- _WORK REQUEST_
Within the material below, locate the line with "2024 Ford Escape - $22,498" and the line with "Bolera I بيت للعطل *", then return those two lines and all lines between them, exactly as written.

"""

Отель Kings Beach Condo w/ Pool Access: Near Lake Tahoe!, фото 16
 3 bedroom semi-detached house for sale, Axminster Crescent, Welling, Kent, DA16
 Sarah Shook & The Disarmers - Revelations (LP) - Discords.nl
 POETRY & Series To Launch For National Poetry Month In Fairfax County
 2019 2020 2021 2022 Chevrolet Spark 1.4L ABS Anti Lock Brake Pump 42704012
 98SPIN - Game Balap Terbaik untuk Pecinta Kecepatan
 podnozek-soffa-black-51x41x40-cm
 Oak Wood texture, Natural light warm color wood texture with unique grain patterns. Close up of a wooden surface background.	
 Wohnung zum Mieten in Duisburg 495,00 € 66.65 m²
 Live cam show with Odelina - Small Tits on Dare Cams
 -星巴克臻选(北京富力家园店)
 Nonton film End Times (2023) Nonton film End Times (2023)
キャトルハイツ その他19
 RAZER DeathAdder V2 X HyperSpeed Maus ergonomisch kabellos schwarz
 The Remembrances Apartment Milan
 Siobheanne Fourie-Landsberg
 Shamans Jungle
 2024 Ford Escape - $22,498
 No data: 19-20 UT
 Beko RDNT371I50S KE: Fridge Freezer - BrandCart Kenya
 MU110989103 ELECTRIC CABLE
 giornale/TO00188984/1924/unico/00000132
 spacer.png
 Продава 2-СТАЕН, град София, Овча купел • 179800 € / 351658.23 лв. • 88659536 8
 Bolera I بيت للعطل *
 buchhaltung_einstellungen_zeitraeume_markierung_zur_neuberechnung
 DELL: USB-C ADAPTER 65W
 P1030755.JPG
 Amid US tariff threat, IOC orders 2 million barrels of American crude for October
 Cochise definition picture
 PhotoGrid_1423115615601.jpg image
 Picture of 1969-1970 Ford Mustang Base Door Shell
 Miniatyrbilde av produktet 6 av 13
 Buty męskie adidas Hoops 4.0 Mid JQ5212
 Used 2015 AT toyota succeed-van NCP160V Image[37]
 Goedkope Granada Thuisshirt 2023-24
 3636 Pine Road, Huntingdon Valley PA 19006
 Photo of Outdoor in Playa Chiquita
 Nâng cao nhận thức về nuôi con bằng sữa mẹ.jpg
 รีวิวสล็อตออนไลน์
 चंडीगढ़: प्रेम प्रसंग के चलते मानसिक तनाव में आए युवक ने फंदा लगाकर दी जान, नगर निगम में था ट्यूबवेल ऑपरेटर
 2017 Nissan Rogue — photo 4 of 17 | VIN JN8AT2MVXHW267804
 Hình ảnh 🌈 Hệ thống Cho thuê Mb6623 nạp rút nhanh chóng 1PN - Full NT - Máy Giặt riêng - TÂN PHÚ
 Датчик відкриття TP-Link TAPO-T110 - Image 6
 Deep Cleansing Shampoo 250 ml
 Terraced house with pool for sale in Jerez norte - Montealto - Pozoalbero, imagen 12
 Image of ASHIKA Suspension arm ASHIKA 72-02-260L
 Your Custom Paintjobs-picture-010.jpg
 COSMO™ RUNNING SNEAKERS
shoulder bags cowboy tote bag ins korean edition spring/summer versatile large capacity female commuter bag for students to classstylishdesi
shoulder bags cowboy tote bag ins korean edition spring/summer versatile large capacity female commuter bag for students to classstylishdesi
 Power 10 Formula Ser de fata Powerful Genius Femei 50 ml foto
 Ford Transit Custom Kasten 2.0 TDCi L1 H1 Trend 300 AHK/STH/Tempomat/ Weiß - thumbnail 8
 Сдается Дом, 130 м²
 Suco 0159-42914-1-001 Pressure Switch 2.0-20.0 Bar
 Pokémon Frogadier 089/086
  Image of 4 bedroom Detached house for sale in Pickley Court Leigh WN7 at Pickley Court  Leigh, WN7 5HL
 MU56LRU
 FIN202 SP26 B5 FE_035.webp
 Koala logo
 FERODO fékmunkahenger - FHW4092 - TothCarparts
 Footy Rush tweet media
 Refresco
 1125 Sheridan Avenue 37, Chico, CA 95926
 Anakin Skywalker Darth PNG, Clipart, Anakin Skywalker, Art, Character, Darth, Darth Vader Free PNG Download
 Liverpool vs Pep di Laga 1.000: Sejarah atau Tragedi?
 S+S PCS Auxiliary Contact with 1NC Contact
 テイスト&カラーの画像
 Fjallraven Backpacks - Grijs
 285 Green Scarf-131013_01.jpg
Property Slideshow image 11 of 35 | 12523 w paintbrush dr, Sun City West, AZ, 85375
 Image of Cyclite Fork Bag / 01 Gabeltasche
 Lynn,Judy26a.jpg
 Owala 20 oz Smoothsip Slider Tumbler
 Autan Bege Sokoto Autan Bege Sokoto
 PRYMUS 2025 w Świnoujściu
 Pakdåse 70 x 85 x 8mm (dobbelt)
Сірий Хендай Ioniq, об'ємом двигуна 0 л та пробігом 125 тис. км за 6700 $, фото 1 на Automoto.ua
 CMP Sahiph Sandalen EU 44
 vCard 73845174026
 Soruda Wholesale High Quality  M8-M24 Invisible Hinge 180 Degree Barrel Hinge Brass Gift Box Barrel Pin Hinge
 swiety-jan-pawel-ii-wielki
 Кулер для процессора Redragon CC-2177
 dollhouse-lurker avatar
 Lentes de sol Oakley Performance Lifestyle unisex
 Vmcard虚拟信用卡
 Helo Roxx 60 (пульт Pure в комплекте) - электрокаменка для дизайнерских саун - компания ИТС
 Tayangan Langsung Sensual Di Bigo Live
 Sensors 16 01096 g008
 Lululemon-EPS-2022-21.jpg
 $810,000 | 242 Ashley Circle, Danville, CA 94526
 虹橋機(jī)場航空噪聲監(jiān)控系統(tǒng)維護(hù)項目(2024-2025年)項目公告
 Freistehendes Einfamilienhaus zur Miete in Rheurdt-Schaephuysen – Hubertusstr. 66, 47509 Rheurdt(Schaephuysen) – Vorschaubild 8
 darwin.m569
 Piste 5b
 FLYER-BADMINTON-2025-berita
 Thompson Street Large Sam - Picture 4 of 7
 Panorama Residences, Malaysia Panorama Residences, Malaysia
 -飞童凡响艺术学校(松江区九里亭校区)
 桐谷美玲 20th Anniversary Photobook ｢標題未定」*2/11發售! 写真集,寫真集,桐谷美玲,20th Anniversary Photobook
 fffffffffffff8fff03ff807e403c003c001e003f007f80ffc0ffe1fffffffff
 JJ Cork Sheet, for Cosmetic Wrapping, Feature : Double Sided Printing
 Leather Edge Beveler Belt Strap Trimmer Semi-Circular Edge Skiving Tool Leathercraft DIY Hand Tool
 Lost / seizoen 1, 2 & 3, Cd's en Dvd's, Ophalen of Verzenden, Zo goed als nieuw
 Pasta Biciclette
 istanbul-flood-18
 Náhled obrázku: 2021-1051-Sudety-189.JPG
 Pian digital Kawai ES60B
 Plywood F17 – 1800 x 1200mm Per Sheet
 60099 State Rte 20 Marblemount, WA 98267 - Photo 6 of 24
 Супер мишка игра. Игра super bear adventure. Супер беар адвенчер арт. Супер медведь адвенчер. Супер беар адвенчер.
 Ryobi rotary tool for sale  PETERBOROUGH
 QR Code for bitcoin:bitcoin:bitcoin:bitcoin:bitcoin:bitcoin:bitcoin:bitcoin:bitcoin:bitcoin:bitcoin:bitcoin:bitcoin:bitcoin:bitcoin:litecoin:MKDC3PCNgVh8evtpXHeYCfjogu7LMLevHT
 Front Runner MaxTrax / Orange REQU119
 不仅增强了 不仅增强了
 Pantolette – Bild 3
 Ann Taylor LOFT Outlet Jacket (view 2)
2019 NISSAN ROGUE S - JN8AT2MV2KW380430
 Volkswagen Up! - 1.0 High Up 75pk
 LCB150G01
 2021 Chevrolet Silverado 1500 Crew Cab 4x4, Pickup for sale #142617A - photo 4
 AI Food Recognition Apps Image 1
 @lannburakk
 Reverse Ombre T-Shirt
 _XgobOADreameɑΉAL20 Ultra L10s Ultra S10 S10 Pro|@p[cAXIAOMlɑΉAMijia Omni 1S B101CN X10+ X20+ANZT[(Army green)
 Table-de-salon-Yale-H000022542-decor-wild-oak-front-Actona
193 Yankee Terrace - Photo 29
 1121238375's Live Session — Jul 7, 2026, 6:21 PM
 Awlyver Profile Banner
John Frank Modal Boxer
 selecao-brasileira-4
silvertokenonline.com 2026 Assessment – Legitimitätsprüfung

"""

- _RESPONSE TO THE TASK_
 2024 Ford Escape - $22,498
 No data: 19-20 UT
 Beko RDNT371I50S KE: Fridge Freezer - BrandCart Kenya
 MU110989103 ELECTRIC CABLE
 giornale/TO00188984/1924/unico/00000132
 spacer.png
 Продава 2-СТАЕН, град София, Овча купел • 179800 € / 351658.23 лв. • 88659536 8
 Bolera I بيت للعطل *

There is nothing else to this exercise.